Mack Sennett
Holy Cross Cemetery
Mack Sennett was born and
raised in Canada, the son of working-class Irish immigrants, with dreams of
becoming an opera singer, but he became the silent screen's undisputed King of Comedy.
Sennett's family moved to the East Coast when Sennett was a
teen-ager, and he decided to try his luck on the stage, where he found work
as a burlesque performer and Broadway chorus boy. Looking for more regular
employment, Sennett went to Biograph studios in 1908, and began acting in
films under the direction of D.W. Griffith, and co-starring with Florence
Lawrence, Lionel Barrymore, Mary Pickford and Mabel Normand.
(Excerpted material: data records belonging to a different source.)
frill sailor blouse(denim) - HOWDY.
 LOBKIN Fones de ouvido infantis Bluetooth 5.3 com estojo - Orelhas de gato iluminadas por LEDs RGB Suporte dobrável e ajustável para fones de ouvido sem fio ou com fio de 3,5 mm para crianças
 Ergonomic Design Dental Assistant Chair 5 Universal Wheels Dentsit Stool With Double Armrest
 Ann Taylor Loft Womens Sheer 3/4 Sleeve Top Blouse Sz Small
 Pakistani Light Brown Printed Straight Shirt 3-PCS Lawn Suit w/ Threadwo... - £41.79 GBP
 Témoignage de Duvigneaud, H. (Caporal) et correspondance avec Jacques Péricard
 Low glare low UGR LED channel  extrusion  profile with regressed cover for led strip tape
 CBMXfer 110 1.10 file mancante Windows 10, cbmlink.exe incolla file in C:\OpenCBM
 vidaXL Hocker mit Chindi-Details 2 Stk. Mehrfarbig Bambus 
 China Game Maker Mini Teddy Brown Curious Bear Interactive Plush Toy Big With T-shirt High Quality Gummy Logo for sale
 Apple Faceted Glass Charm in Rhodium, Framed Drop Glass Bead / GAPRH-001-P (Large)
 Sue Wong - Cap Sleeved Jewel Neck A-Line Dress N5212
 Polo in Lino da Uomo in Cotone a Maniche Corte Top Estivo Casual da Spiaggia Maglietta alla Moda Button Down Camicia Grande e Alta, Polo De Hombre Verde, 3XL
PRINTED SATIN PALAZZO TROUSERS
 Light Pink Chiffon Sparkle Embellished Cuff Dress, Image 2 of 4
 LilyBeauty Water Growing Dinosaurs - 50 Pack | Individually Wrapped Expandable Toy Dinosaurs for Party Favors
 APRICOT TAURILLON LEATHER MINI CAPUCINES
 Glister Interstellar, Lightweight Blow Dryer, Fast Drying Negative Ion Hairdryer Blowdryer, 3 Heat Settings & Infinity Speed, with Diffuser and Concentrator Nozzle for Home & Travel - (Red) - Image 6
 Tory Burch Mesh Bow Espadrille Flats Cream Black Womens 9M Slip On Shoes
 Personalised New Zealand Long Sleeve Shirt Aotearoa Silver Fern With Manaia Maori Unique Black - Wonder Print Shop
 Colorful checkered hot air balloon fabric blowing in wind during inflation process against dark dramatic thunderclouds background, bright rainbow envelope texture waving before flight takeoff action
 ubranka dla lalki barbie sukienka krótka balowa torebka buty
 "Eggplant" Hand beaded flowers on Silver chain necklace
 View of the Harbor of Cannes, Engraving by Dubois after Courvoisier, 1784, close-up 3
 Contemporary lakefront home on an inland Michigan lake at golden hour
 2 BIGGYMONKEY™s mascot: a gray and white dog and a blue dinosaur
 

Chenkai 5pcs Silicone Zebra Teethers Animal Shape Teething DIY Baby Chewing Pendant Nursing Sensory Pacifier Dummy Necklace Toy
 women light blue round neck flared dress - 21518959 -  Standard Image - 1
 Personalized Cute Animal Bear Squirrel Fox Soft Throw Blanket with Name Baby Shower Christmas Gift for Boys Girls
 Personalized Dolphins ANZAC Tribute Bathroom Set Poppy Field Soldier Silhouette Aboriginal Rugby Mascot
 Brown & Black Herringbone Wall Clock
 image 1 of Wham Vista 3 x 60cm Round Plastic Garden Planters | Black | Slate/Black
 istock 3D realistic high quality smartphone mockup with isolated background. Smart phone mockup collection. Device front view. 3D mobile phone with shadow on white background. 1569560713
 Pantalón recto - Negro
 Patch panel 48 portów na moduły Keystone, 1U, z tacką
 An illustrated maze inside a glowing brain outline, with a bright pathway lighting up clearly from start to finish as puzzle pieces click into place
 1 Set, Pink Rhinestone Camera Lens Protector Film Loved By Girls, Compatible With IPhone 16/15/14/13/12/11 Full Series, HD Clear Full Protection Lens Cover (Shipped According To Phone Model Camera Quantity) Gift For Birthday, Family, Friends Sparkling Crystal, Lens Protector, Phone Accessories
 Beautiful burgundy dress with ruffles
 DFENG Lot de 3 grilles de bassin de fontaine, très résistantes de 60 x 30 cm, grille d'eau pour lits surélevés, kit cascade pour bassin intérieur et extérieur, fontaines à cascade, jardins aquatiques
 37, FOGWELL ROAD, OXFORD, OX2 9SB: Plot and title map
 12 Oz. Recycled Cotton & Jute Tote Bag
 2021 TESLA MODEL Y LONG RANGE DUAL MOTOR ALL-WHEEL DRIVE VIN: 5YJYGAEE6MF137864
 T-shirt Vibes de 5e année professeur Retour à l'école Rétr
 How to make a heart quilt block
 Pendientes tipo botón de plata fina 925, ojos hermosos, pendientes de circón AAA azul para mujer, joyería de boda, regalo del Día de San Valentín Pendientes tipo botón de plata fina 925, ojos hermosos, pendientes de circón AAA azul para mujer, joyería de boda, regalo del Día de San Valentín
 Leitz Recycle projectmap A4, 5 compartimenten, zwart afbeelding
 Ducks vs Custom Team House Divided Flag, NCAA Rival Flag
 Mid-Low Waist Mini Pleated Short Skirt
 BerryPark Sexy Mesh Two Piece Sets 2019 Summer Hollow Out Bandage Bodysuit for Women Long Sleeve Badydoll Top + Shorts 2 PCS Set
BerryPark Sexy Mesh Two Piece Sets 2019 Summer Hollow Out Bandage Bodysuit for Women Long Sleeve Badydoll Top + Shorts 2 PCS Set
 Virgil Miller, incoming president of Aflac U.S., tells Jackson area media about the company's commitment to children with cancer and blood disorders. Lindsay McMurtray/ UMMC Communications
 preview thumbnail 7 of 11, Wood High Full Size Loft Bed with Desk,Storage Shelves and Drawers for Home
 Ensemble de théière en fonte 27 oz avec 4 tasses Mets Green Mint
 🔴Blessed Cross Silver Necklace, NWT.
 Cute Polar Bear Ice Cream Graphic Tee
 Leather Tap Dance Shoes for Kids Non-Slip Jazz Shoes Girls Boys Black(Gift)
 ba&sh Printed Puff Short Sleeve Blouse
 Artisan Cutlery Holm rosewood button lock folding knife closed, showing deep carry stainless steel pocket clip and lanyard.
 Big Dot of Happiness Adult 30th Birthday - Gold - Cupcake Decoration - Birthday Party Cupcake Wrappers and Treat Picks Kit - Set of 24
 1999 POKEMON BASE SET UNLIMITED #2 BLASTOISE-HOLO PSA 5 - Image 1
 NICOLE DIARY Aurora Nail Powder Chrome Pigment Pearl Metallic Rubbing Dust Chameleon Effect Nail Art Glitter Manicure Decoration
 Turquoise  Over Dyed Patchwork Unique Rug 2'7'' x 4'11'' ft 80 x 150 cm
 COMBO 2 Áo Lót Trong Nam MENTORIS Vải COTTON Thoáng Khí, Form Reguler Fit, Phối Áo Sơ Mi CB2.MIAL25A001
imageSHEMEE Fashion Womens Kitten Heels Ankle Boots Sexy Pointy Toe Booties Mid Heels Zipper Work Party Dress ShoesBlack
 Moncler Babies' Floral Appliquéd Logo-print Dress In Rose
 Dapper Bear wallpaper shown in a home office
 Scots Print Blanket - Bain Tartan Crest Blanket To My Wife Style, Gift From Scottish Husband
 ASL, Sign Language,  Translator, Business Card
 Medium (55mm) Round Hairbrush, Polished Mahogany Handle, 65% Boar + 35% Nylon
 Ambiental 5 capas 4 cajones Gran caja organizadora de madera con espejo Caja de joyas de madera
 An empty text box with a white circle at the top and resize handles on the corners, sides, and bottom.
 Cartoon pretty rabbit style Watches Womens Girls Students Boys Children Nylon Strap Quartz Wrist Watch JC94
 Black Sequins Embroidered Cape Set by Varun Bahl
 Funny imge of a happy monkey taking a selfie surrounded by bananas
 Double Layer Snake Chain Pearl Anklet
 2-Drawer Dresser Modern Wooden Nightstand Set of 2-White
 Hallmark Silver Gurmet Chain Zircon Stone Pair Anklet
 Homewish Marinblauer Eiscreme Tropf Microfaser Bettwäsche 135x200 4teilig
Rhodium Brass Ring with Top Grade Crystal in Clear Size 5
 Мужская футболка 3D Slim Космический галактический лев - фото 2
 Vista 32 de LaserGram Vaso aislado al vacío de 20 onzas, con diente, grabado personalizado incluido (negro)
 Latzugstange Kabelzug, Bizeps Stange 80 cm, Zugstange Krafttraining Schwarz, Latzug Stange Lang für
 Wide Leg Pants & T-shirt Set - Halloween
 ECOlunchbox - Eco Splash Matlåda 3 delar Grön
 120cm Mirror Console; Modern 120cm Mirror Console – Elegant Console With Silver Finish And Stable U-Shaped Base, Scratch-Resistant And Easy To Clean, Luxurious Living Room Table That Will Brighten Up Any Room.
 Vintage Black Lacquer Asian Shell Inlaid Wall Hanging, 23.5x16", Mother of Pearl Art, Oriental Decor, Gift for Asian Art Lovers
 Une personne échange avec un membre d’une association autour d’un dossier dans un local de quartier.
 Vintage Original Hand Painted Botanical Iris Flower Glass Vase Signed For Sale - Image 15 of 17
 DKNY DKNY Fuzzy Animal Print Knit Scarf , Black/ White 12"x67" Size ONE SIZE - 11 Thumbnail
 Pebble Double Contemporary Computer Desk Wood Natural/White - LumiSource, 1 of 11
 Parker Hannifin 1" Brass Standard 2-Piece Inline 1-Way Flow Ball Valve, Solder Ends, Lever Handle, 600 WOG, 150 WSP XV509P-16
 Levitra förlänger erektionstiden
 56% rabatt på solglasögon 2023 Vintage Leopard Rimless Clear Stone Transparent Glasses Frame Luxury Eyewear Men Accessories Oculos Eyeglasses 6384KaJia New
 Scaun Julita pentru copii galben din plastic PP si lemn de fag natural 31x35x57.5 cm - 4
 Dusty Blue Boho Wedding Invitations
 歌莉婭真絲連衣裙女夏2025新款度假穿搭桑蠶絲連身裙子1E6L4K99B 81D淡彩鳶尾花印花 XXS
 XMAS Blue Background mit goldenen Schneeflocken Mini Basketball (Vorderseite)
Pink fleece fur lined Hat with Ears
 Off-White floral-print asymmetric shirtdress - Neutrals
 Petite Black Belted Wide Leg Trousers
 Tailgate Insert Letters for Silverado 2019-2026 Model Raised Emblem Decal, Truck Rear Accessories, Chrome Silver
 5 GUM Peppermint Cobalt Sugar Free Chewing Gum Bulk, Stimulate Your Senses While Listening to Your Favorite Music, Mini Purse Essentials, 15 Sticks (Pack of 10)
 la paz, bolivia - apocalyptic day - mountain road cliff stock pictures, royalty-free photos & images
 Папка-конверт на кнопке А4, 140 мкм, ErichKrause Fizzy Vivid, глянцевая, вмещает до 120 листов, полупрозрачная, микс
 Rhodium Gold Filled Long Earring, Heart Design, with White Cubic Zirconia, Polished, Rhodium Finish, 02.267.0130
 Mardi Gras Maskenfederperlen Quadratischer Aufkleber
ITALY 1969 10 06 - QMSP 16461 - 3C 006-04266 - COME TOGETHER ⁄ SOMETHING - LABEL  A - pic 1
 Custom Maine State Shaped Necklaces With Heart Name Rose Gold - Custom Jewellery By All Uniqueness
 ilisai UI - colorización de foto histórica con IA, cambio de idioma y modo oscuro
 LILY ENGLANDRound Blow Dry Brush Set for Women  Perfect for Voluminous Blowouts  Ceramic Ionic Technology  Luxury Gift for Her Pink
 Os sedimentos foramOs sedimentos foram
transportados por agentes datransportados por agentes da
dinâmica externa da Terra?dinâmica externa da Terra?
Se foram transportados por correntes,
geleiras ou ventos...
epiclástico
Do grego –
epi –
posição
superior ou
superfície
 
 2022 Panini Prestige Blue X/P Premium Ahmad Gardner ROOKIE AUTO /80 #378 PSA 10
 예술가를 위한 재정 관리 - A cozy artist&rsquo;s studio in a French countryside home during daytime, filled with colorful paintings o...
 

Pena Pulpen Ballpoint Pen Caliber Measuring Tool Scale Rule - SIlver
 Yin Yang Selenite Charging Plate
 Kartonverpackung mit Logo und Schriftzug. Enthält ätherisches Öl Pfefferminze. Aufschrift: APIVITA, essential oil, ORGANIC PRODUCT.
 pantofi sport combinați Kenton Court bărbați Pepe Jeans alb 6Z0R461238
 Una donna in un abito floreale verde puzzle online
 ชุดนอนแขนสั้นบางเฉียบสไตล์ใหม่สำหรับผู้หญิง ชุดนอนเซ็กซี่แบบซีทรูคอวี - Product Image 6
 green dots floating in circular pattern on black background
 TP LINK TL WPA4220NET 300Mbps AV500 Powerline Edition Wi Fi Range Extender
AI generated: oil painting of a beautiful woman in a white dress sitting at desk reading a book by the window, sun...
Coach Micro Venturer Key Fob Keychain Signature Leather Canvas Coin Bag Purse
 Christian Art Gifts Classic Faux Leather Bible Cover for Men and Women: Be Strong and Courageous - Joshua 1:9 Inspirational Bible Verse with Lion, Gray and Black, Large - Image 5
By 1910,
Sennett was also directing.
In 1912, Sennett left Biograph and formed his own studio --
Keystone -- and began to specialize in slapstick comedies. The Keystone
roster soon included comedy stars Roscoe "Fatty" Arbuckle, Edgar Kennedy,
Slim Summerville, Chester Conklin, Charlie Chase, Mack Swain and Normand,
who left Biograph to work with Sennett. Wallace Beery and Gloria Swanson
also got their starts working for Sennett at Keystone. In 1914, a British
dancehall comedian named Charlie Chaplin came the United States and was
signed by Keystone. Chaplin appeared in 35 comedies at the studio during
1914, most of them directed by Sennett.
The typical Keystone comedy featured a thin plot and a
quick succession of visual gags and often-improvised physical comedy. Sennett
was also a master at taking advantage of any real-life situation that might
happen to occur, such as a parade, a fire or the draining of a lake, and
using it as the backdrop for one of his comedies. In his first year in
business, Sennett produced 140 films, many of them featuring his famous
Keystone Kops.
In 1915, Keystone became part of the newly formed Triangle
Film Corporation. Two years later, Sennett left to again form his own
company, Mack Sennett Comedies, working first for Paramount studios. Sennett
continued to produce two-reel comedies, with an occasional feature-length
film. The end of the silent era in the late 1920s also marked the end of
Sennett's reign as King of Comedy, with Hal Roach replacing him. Sennett
retired in 1935, moving to a farm in Canada, virtually penniless. He
returned to Hollywood in 1937 to accept an honorary Academy Award, "for
his lasting contribution to the comedy technique of the screen, the basic
principles of which are as important today as when they were first put into
practice, the Academy presents a special award to that master of fun,
discoverer of stars, sympathetic, kindly, understanding comedy genius, Mack Sennett."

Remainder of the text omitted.